A Personal Corner

Introduction

I’ve been looking for a Data Analysis job recently and failed to do so. Actually I got several offers for Python Developer position but the work in these companies are quite boring so I left. The fact is Data Science / Data Mining / Machine Learning jobs in the north of Vietnam are quite rare. There are a lot more jobs in this field in Ho Chi Minh city.

With my free time I decided to do some analysis about job market for the last few months in Vietnam. This is written with the main purpose to consolidate my knowledge about exploratory data analysis, so I will not take it very seriously about data source. I wrote some scripts to crawl job data from only one website Vietnamworks.com for the last few months. I tried to get data for the first 5 months of 2016, but it seems Vietnamworks doesn’t show their past data after a specific period. The best I could get is from April. Not much, but this is for fun anyway.

In my last post, I showed you how to crawl job data from Vietnamworks using BeautifulSoup. Scripts used in that post will be reused here, but the scope is a little bit wider (from 26 URLs and several other features).

This post will focus on scaping data for IT jobs, but you can change the base URL to work with any other kind of job you want. Just go to Vietnamworks, use the website’s filter to select the job categories you want to play with, and get the base URL and assign it to the base_url variable in get_all_urls() method.
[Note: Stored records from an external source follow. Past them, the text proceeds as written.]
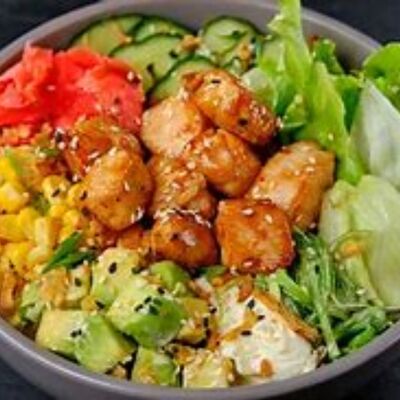 Поке с курицей в iWok по цене 410 ₽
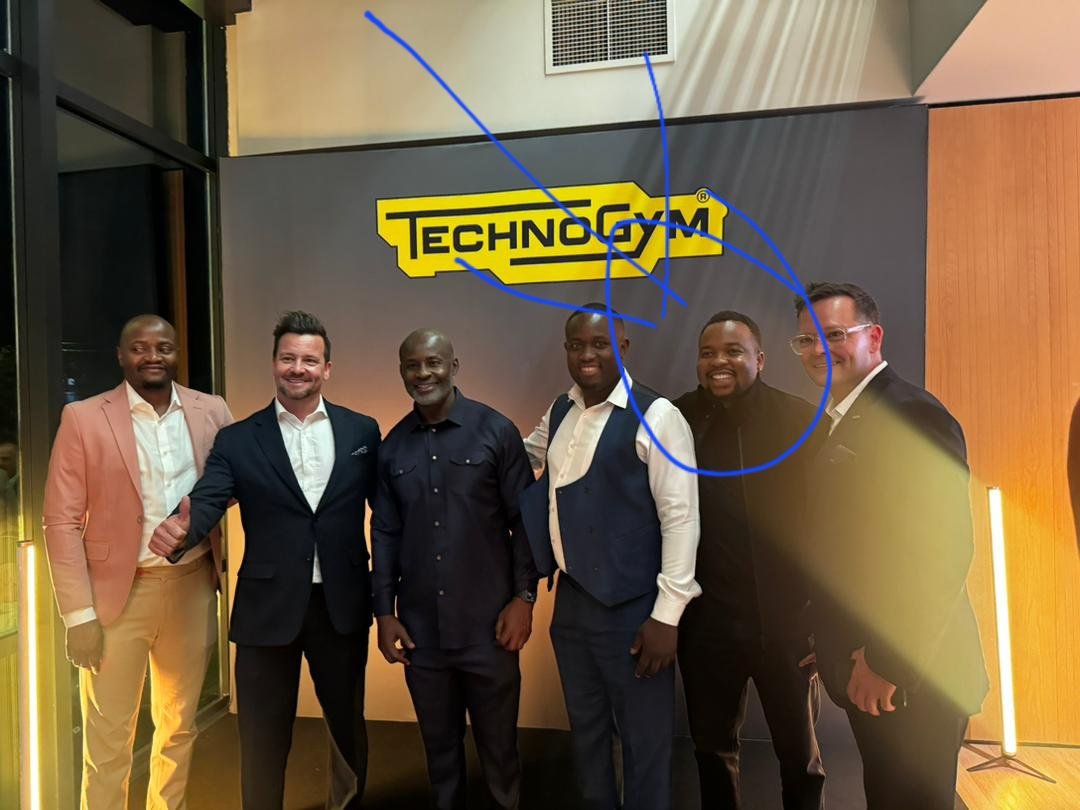 BigDhara11's tweet photo. @TembaMliswa This is not a business meeting,this is a political meeting with Kudakwashe Tagwirei associates,the guy i have highlighted is Bruce Chirimuuta the cousin of tagwireyi,his mother is a sister to Tagwirei,Tagwirei paid you to attack General Chiwenga https://t.co/lxwbSdkrYK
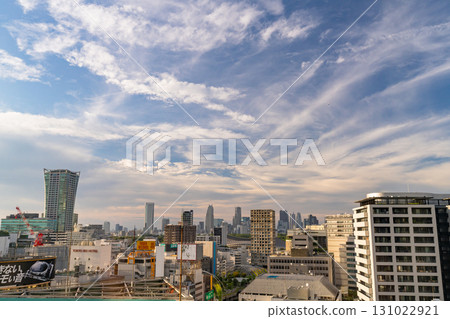 東京：黃昏時的東京城市景觀，從澀谷眺望 131022921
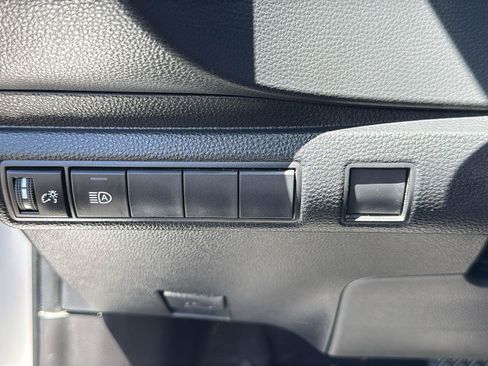 Used 2022 Toyota Corolla LE FWD image 14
Note: You can view this blog article directly in IPython notebook format here.

Package requirements:

If you do not have those packages installed on your system, please do so before continue:

Python 2.7
beautifulsoup4
matplotlib
seaborn
pandas

# Imports & Settings

# Make sure packages in my virtual environment are included
import sys
sys.path.append('/home/hoanvu/anaconda2/envs/ds/lib/python2.7/site-packages/')

import requests
import pickle
import pandas as pd
import matplotlib.pyplot as plt
import seaborn as sns

from bs4 import BeautifulSoup
from collections import Counter, defaultdict
from datetime import datetime

%pylab inline
sns.set_context('poster')

# No of URLs to crawl from Vietnamworks
MAX_PAGE = 27

Populating the interactive namespace from numpy and matplotlib


WARNING: pylab import has clobbered these variables: ['datetime']
`%matplotlib` prevents importing * from pylab and numpy

Next, we will write a method to get all URLs for the job categories of your choice.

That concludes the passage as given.